Tech issues and rivalries can slow this down

Analysis 5G has the potential to make cable and DSL as antiquated and pointless as using a horse and a cart to drive to the supermarket. And it's already here.

A few weeks ago, Verizon switched on commercial 5G FWA (fixed wireless access) to the public. Come, ditch the most hated company in America, it whispered.

But how serious are the UK mobile networks about taking on the incumbents?

Now that three of the big four UK MNOs have laid out their 5G ambitions, we have a clearer idea. Hutchison's Three is the keenest on 5G-FWA and has promised to launch a home broadband wireless offering in 2H 2019.

The network has commissioned a report, out today, from Ovum to show how 5G-FWA can be a genuine contender. But there are a lot of ifs that need to be addressed.

So what has 5G got going for it? Two big things, really.

Ovum believes 5G can help achieve a doubling in the broadband speeds many customers see today, for not everyone is in metropolitan nirvana.

The speed boost comes in part from massive MIMO (multiple-input-multiple-output), as Huawei, which has been testing it in the field since 2015, explains here. Using Huawei gear, Three conducted tests in Hong Kong and Austria and found a 3-11x increase in throughput on 3.5Ghz.

Ovum concludes: "We expect large-scale deployment to be able to consistently support speeds of 80–100Mbps, which is better than many existing fiber-based connections." (The average speed today is 46.2Mbps.)

5G Base Stations will be bigger (3)

5G packs a hefty base station.
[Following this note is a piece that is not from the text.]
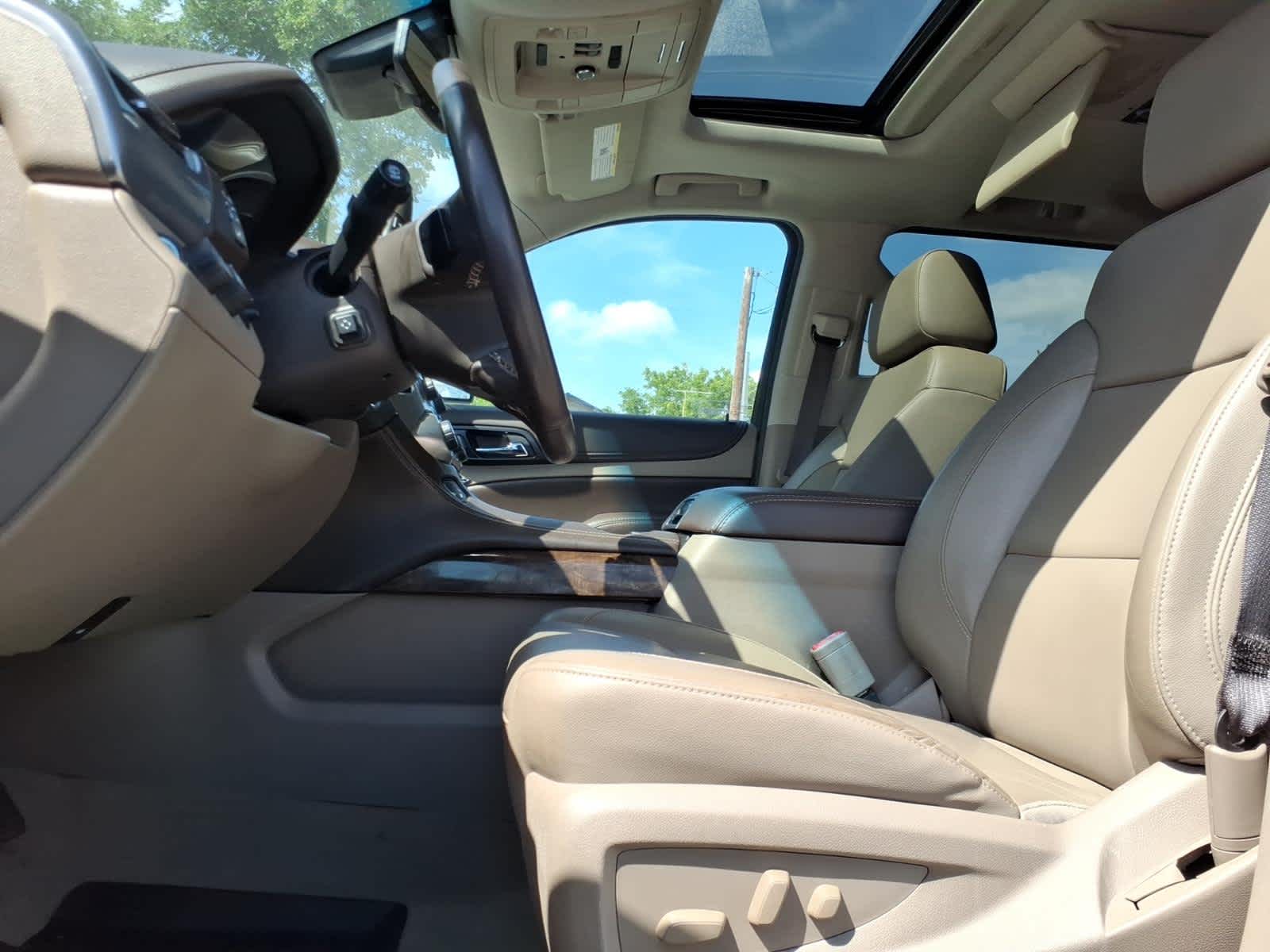 2020 Chevrolet Suburban 4WD LT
Click to enlarge

The other thing 5G-FWA has is cost. It's much cheaper and easier to deploy and that's a saving that can be passed on to a household almost immediately. For example, there's no need for £240-a-year line rental. Overall Ovum estimates it's almost 50 per cent cheaper to deploy. It sidesteps the hassle of booking engineers to visit a premises, and benefits too from economies of scale.

Ovum 5GFWA costs

Cost of deploying fibre vs 5G. Source: Ovum

This much has been learned from the 4G-FWA market. In Italy, it serves 1.1 million people, or some 5 per cent of the market.

Wait a minute

But speed is the easy bit. Three says the average punter wolfs down 8GB a month, but estimates by 2025 it will be closer to 100GB a month (a 13x increase).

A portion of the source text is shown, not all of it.